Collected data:

___

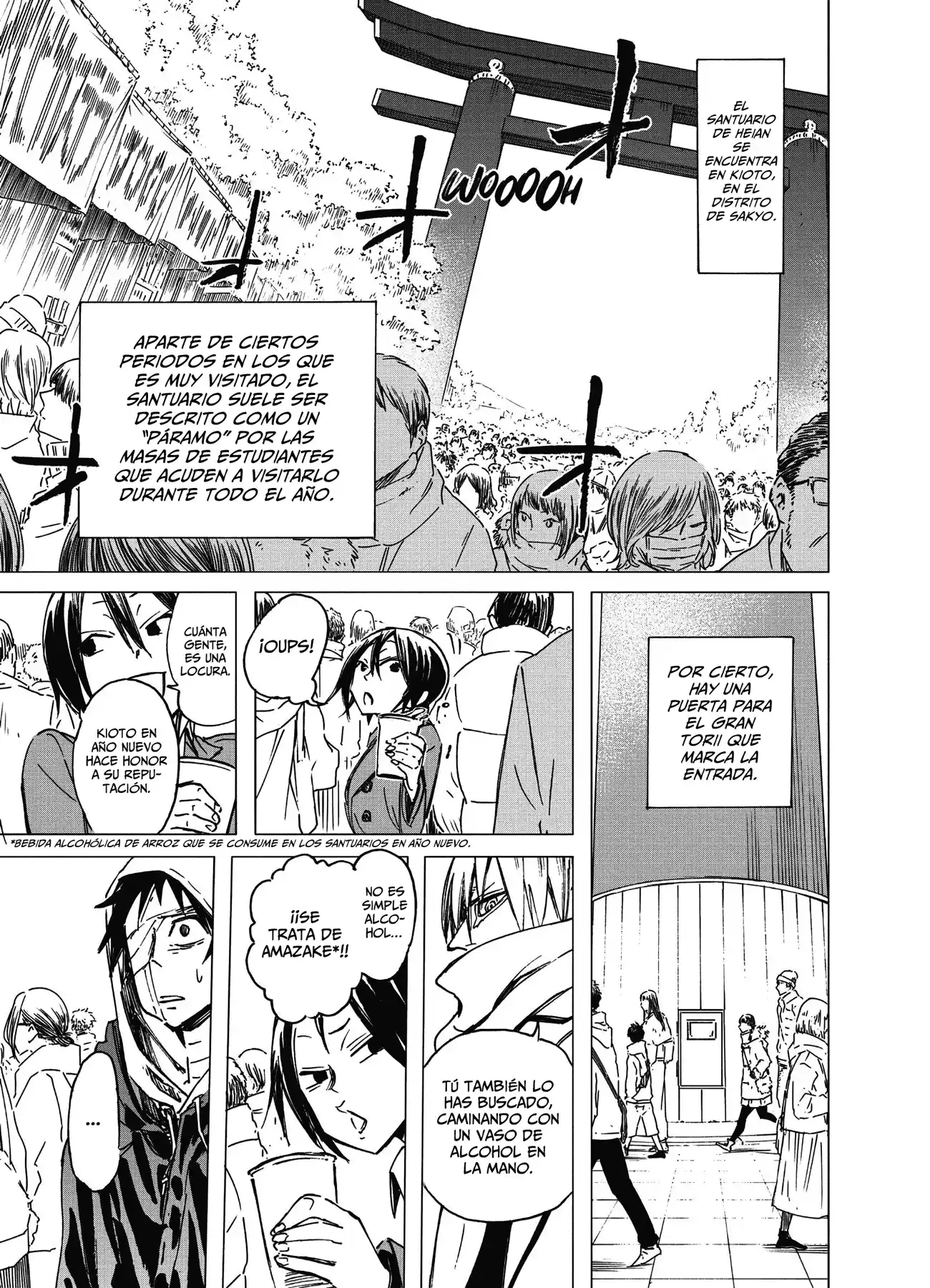 Shikabana -Hana, Shitai, Koto- - Capítulo 4 - Página 4 - LectorTMOo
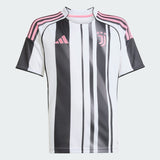 Load image into Gallery viewer, adidas Juventus 25/26 Home Jersey Kids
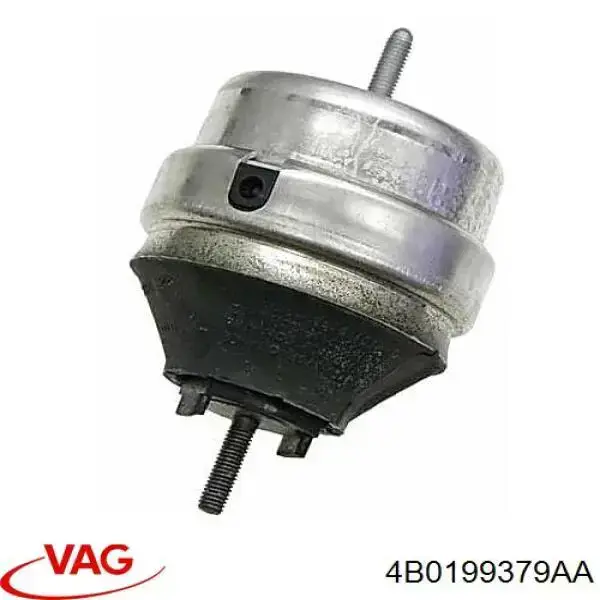 Coxim (suporte) esquerdo/direito de motor VAG 4B0199379AA preço, a partir de 77,46 USD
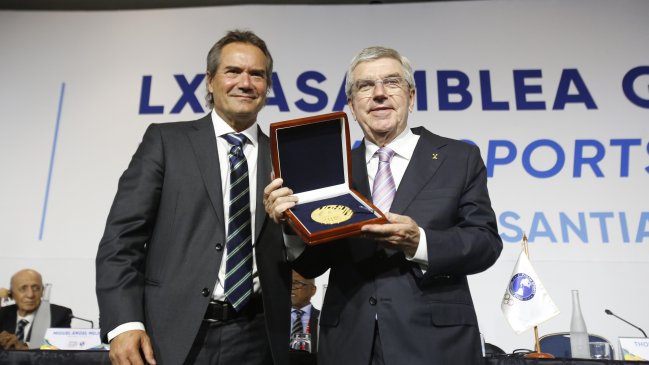 Neven Ilic contó que consideró postularse a la presidencia del COI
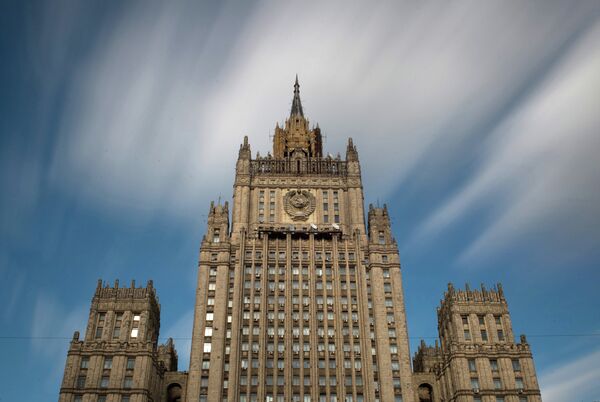 Russian Foreign Ministry - Sputnik International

___

Assigned task. Give the data again word for word, without images.

Answer to this problem.
 Shikabana -Hana, Shitai, Koto- - Capítulo 4 - Página 4 - LectorTMOo
 Load image into Gallery viewer, adidas Juventus 25/26 Home Jersey Kids
 Coxim (suporte) esquerdo/direito de motor VAG 4B0199379AA preço, a partir de 77,46 USD
 Neven Ilic contó que consideró postularse a la presidencia del COI
 Russian Foreign Ministry - Sputnik International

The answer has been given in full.